### The records
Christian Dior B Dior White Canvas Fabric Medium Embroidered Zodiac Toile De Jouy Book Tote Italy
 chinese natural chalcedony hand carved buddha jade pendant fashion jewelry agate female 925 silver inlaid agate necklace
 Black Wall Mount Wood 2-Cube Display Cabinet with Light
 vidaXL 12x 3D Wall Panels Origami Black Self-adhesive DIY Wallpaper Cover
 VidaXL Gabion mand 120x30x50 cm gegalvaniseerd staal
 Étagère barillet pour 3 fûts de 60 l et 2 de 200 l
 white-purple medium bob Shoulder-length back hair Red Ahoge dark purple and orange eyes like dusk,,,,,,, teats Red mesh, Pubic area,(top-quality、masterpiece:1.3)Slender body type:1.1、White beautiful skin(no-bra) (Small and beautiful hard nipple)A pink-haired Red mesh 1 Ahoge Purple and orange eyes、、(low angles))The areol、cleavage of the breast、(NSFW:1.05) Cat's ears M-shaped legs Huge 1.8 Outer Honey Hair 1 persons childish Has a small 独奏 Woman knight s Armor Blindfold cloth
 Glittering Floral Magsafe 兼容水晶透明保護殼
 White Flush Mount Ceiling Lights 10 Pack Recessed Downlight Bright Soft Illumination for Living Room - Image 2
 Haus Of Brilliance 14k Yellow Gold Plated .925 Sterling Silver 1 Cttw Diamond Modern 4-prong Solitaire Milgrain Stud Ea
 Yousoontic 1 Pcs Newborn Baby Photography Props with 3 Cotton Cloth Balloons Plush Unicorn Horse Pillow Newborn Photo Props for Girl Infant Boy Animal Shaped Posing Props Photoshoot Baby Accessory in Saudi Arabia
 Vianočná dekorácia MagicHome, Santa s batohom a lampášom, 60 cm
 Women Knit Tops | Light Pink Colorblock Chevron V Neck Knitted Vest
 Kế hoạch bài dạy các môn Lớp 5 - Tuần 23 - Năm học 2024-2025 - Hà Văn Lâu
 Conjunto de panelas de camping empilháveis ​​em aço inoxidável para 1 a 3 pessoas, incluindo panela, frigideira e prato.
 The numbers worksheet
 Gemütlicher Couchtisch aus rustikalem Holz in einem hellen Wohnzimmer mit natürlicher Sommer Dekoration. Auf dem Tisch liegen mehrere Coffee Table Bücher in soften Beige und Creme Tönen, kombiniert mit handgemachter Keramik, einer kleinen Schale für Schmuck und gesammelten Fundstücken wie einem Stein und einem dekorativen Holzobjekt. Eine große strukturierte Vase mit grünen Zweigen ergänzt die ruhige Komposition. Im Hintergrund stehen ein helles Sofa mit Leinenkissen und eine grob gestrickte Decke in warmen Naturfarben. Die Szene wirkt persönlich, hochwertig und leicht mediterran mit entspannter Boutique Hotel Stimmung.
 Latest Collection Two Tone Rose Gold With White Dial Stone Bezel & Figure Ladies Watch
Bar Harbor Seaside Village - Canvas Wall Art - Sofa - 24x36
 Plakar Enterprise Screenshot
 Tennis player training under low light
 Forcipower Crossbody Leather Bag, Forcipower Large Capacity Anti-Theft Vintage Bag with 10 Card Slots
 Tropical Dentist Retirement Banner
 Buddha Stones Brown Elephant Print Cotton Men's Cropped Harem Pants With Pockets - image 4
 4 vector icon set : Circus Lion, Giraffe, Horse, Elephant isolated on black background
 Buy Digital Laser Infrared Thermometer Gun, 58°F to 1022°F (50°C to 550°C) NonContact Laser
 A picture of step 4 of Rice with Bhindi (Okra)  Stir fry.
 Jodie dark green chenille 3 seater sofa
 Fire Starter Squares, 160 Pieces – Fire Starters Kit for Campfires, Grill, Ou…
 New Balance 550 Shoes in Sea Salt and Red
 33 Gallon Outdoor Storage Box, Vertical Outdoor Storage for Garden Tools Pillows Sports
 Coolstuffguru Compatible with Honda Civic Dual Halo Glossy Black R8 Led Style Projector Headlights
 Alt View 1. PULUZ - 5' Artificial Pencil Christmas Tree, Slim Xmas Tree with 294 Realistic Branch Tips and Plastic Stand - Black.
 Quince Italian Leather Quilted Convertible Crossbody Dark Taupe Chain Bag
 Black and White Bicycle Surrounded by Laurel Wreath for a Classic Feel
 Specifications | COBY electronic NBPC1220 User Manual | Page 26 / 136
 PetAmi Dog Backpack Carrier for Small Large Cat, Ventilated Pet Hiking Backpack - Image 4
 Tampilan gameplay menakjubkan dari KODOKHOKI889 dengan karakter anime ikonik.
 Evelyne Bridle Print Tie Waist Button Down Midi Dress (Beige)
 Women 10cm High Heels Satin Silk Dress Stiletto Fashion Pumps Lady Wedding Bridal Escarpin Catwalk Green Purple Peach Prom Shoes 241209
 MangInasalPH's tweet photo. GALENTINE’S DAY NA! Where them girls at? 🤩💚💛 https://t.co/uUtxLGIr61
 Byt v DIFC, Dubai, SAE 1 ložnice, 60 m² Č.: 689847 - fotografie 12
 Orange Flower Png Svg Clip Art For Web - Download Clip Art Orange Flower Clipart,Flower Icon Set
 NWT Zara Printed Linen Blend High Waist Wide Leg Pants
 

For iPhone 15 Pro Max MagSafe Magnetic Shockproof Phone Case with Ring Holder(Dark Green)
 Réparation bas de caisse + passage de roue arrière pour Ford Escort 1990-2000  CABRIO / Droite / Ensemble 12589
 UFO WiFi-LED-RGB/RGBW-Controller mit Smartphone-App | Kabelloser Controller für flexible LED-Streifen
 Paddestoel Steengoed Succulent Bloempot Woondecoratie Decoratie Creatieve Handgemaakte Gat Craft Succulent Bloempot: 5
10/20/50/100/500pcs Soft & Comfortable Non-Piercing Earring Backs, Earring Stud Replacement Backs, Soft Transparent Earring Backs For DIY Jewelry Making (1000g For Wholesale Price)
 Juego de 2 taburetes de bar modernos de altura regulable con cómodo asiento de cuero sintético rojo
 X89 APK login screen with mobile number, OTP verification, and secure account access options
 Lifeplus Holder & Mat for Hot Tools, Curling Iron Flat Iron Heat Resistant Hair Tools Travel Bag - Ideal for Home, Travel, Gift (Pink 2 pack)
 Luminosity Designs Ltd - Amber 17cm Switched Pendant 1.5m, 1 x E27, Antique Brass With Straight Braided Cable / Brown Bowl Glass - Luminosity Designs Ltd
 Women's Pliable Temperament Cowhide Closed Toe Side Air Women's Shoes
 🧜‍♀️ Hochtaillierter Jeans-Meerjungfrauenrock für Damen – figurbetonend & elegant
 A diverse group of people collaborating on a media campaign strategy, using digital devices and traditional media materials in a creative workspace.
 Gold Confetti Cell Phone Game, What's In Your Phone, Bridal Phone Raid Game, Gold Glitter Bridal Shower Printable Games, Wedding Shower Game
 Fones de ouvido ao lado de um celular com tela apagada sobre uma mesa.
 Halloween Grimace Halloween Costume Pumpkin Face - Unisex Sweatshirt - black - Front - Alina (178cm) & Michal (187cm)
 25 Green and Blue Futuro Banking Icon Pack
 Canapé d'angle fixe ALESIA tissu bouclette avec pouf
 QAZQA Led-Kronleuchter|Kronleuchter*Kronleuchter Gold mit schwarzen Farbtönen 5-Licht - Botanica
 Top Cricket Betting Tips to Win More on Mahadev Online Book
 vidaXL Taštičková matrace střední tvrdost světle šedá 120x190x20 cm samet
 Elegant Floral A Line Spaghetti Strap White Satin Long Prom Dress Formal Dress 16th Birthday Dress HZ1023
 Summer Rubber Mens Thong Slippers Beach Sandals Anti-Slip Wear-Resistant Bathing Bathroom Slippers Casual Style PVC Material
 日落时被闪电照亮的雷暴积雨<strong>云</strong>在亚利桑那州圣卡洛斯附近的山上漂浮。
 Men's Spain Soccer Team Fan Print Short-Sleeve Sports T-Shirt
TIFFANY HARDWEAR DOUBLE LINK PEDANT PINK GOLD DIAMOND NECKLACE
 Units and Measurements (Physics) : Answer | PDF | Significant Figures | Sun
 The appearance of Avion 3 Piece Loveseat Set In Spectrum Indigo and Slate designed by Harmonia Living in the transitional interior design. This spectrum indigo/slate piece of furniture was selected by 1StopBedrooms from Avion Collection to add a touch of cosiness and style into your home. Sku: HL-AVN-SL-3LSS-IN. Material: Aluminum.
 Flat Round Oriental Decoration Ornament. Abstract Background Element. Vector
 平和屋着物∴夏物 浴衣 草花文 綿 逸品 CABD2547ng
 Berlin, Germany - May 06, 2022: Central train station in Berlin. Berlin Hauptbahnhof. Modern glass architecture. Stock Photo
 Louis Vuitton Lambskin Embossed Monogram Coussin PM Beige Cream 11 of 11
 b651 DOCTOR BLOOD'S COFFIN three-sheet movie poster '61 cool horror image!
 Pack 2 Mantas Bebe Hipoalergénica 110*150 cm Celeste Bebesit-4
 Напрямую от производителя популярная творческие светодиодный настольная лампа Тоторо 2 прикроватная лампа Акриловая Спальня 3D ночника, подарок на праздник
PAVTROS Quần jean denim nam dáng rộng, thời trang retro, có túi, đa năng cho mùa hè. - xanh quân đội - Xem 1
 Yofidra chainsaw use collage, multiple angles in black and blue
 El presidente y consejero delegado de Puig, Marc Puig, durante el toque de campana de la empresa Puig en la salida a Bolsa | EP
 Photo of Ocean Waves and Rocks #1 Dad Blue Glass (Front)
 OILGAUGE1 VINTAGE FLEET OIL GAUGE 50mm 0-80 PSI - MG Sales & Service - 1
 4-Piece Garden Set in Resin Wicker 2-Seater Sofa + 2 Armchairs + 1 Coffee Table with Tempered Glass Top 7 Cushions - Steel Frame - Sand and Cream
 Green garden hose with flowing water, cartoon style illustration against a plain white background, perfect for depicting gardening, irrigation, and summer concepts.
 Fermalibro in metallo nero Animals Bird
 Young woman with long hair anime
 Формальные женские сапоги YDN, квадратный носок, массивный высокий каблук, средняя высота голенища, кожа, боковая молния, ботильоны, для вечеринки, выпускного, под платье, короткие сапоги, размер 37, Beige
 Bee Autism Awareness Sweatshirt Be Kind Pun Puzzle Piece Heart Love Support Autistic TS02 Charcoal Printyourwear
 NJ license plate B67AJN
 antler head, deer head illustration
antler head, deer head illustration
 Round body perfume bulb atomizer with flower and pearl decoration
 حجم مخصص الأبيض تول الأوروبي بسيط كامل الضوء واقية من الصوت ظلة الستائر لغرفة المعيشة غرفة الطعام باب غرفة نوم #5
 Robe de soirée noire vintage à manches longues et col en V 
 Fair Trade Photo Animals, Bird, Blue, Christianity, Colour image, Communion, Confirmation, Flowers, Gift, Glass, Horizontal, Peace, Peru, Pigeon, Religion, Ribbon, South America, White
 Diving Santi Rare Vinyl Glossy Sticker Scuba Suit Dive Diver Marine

### Brief
Copy out, exactly and alone, the lines of the entries above between the ones holding "10/20/50/100/500pcs Soft &" and "X89 APK login", inclusive.

### Exercise response
10/20/50/100/500pcs Soft & Comfortable Non-Piercing Earring Backs, Earring Stud Replacement Backs, Soft Transparent Earring Backs For DIY Jewelry Making (1000g For Wholesale Price)
 Juego de 2 taburetes de bar modernos de altura regulable con cómodo asiento de cuero sintético rojo
 X89 APK login screen with mobile number, OTP verification, and secure account access options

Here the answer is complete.